■ **EXERCISE REQUIREMENTS**: Set down all of the data that follows word for word, without the images.

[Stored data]

******

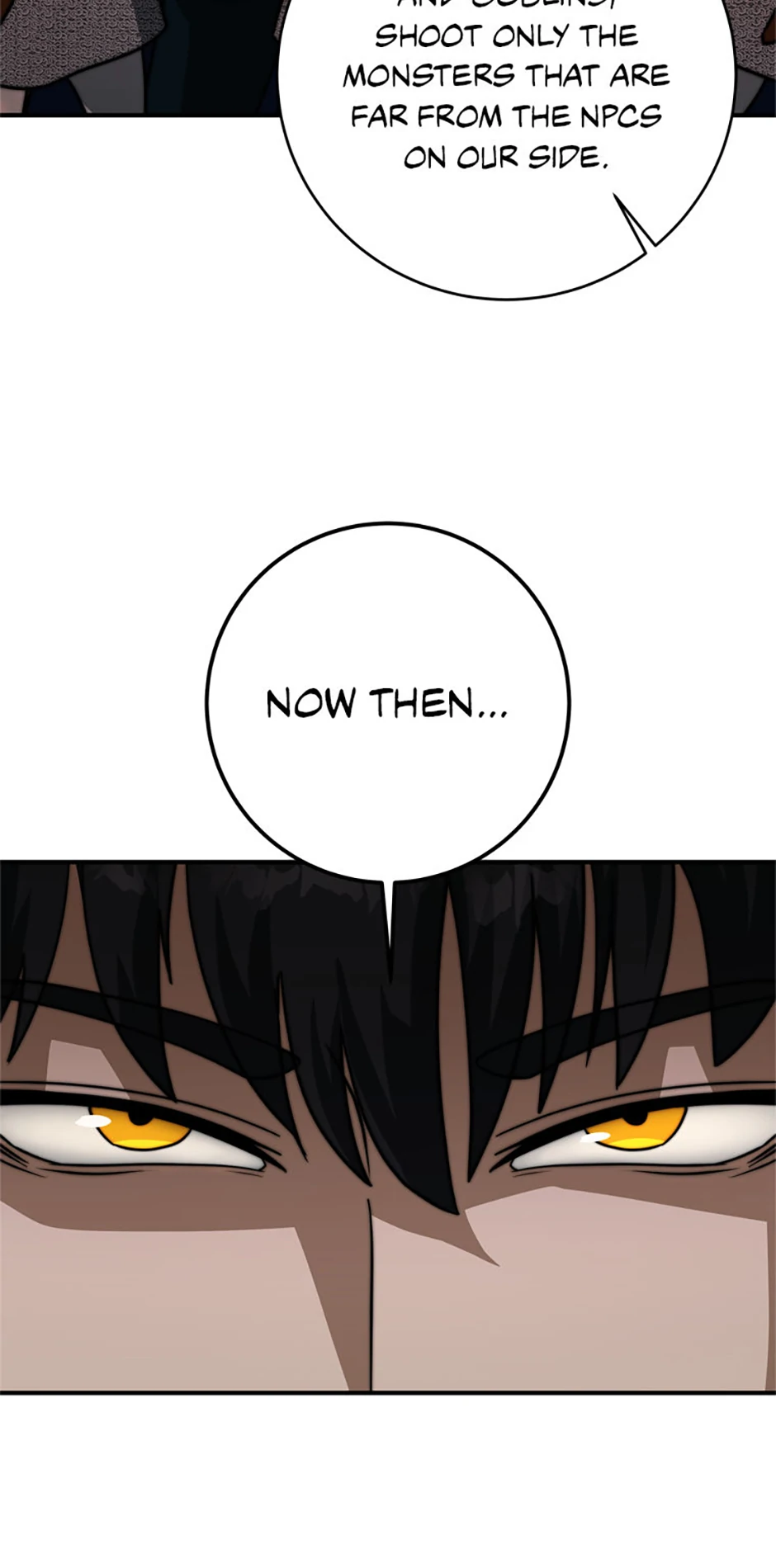 Putting My Life on the Line, I Go All-in on Luck Enhancement Chapter 25 - page 46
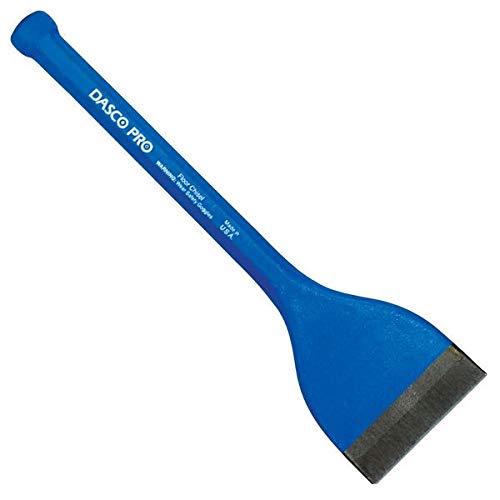 Bon 11-582 Floor Chisel - 3-in. X 11-in.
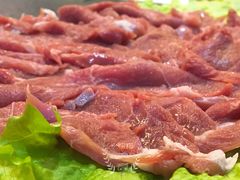 -清真华宇开锅羊肉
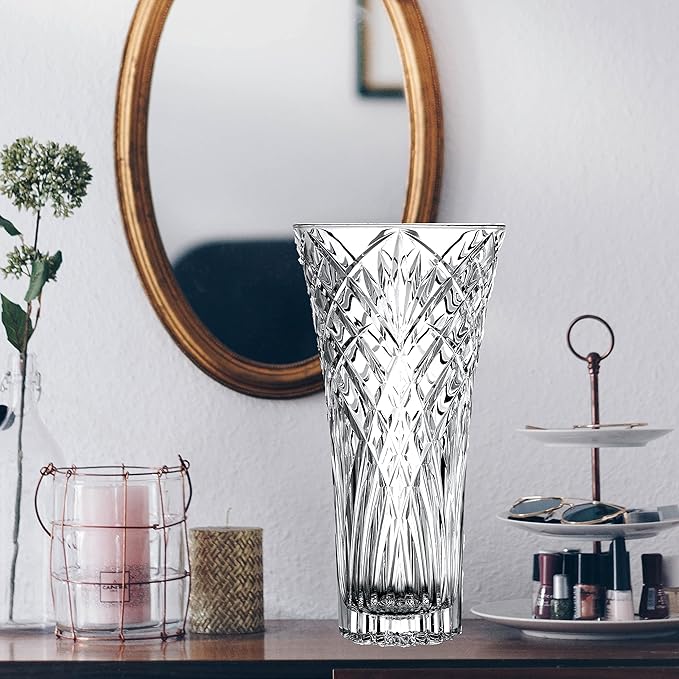 Lorren Home Trends Vase Melodia, Made in Italy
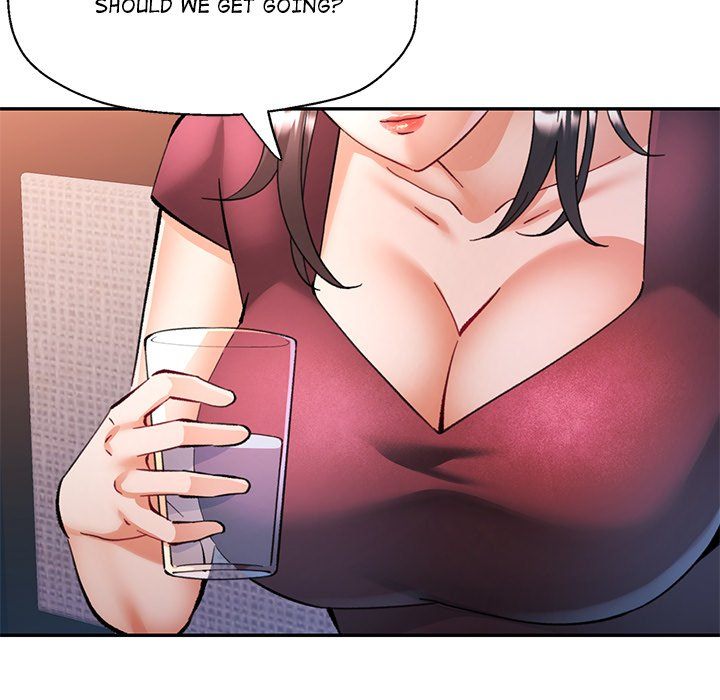 In Her Place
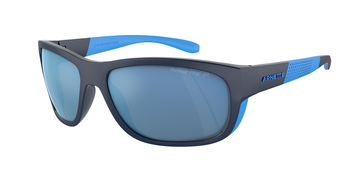 Arnette Sonnenbrille für Herren in Dunkelblau AN4337 275422 FLORESTA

******

■ **EXERCISE SOLUTION**:
 Putting My Life on the Line, I Go All-in on Luck Enhancement Chapter 25 - page 46
 Bon 11-582 Floor Chisel - 3-in. X 11-in.
 -清真华宇开锅羊肉
 Lorren Home Trends Vase Melodia, Made in Italy
 In Her Place
 Arnette Sonnenbrille für Herren in Dunkelblau AN4337 275422 FLORESTA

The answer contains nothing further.